I’ve mentioned before that, despite being on the Routing Protocols team, I spent a lot of time handling crash cases in TAC. At the time, my queue was just a dumping ground for cases that didn’t fit into any other bucket in the High Touch structure. Backbone TAC had a much more granular division of teams, including a team entirely dedicated to crash. But in HTTS, we did it all.
Some crashes are minor, like a (back then) 2600-series router reloading due to a bus error. Some were catastrophic, particularly crashes on large chassis-type routing systems in service provider networks. These could have hundreds of interfaces, and with sub-interfaces, potentially thousands of customers affected by a single outage. Chassis platforms vary in their architecture, but many of the platforms we ran at the time used a distributed architecture in which the individual line cards ran a subset of IOS. Thus, unlike a 2600 which had “dumb” WIC cards for interface connections, on chassis systems line cards themselves could crash in addition to the route processors. Oftentimes, when a line card crashed, the effect would cascade through the box, with multiple line cards crashing, which would result in a massive meltdown.
The 7500 was particularly prone to these. A workhorse of Cisco’s early product line, the 7500 line cards ran IOS but forwarded packets between each other by placing them into special queues on the route processor. This was quite unlike later products, such as the Gigabit Switch Router (GSR), which had a fabric architecture enabling line cards to communicate directly. On the 7500, oftentimes a line card having a problem would write bad data into the shared queues, which the subsequent line cards would read and then crash, causing a cascading failure.
One of our big customers, a Latin American telecommunications company I’ll call LatCom, was a heavy user of 7500’s. They were a constant source of painful cases, and for some reason had a habit of opening P1 cases on Fridays at 5:55pm. Back then HTTS day-shift engineers’ shifts ended at 6pm, at which point the night shift took over, but once we accepted a P1 or P2 case, unlike backbone TAC, we had to work it until resolution. LatCom drove us nuts. Five minutes was the difference between going home for the weekend and potentially being stuck on the phone until 10pm on a Friday night. The fact that LatCom’s engineers barely spoke English also proved a challenge and drew out the cases–occasionally we had to work through non-technical translators, and getting them to render “there was a CEF bug causing bad data to be placed into the queue on the RP” into Spanish was problematic.

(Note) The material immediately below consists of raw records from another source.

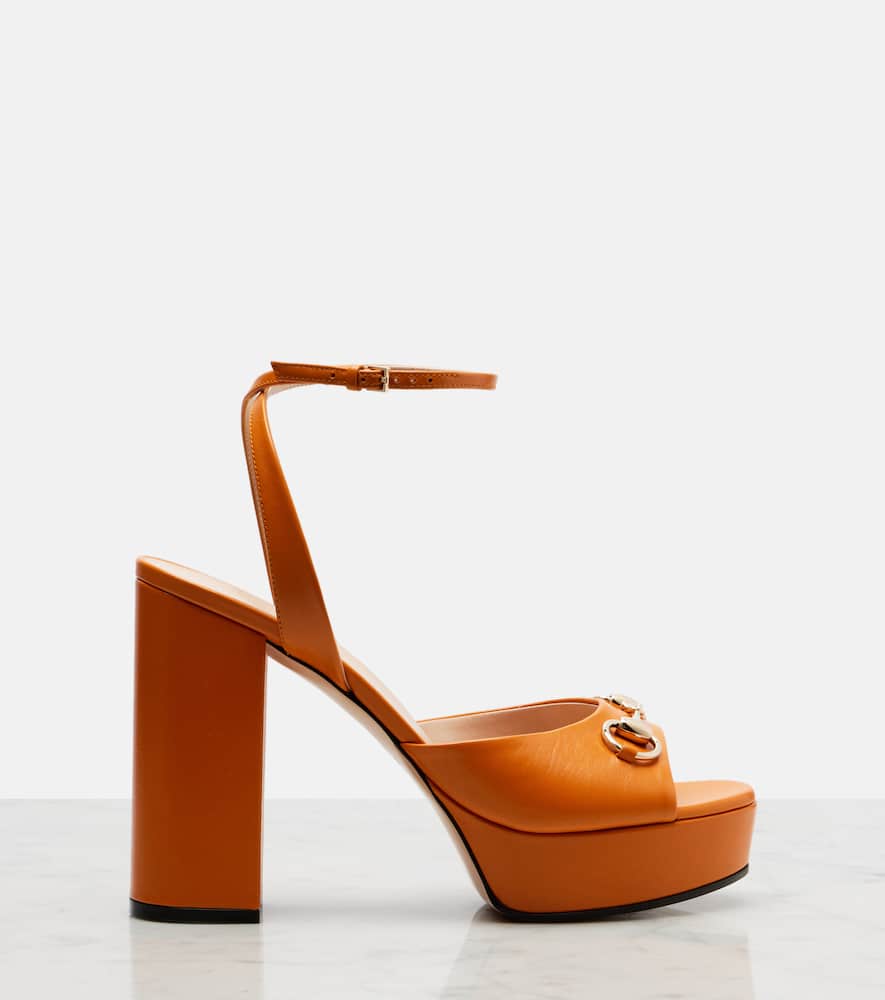 Horsebit leather platform sandals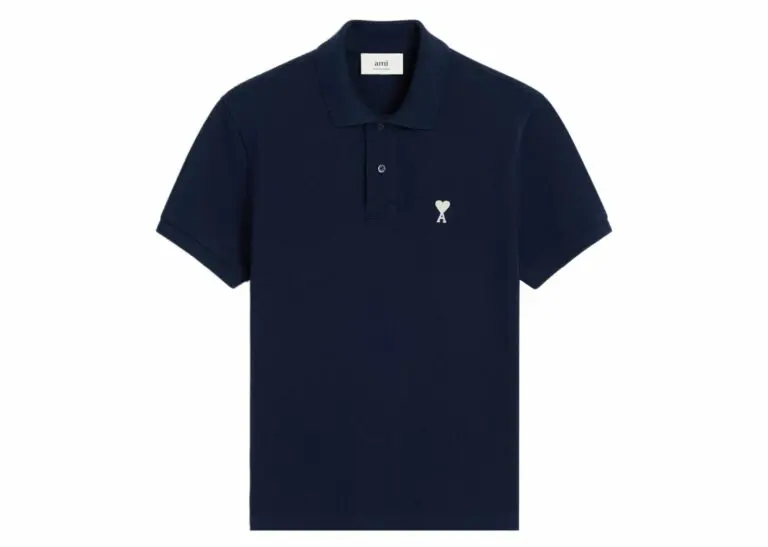 ami paris embroidered logo polo t shirt navy blue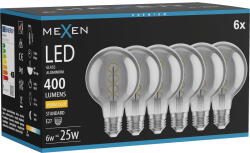 Mexen Vintis 6x крушка с нажежаема жичка спирала LED E27, G80, 6W, Топло - 2700K, 400 lm, (L165-E27-0627-70x06)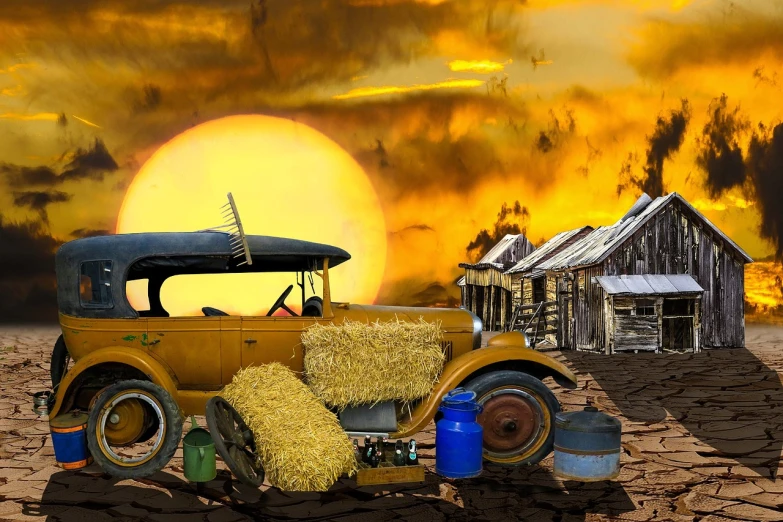 an old car that is sitting in the dirt, digital art, inspired by Terry Redlin, digital art, yellow sky, suns, stunning screensaver, old west town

After years of nightmare 7500 crashes, LatCom finally did what we asked: they dropped a lot of money to upgrade their routers to GSRs with PRPs, at that time our most modern box. All the HTTS RP engineers breathed a sigh of relief knowing that the days of nightmare cascading line card failures on 7500’s were coming to an end. We never had a seen a single case of such a failure on a GSR.
That said, we knew that if anything bad was going to happen, it would happen to these guys. And sure enough, one day I got a case with…you guessed it, a massive cascading line card failure on a GSR! The first one I had seen. In the case notes I described the failure as follows:
- Six POS (Packet over Sonet) interfaces went down at once
- Fifteen seconds later, slots 1 and 15 started showing CPUHOG messages followed by tracebacks
- Everything stabilized until a few hours later, when the POS interfaces go down again
- Then, line cards in slots 0, 9, 10, 11, and 13 crashed
- Fifteen seconds later, line cards in slots 6 and 2 crash
- And so forth
My notes said: “basically we had a meltdown of the box.” To make matters worse, 4 days later they had an identical crash on another GSR!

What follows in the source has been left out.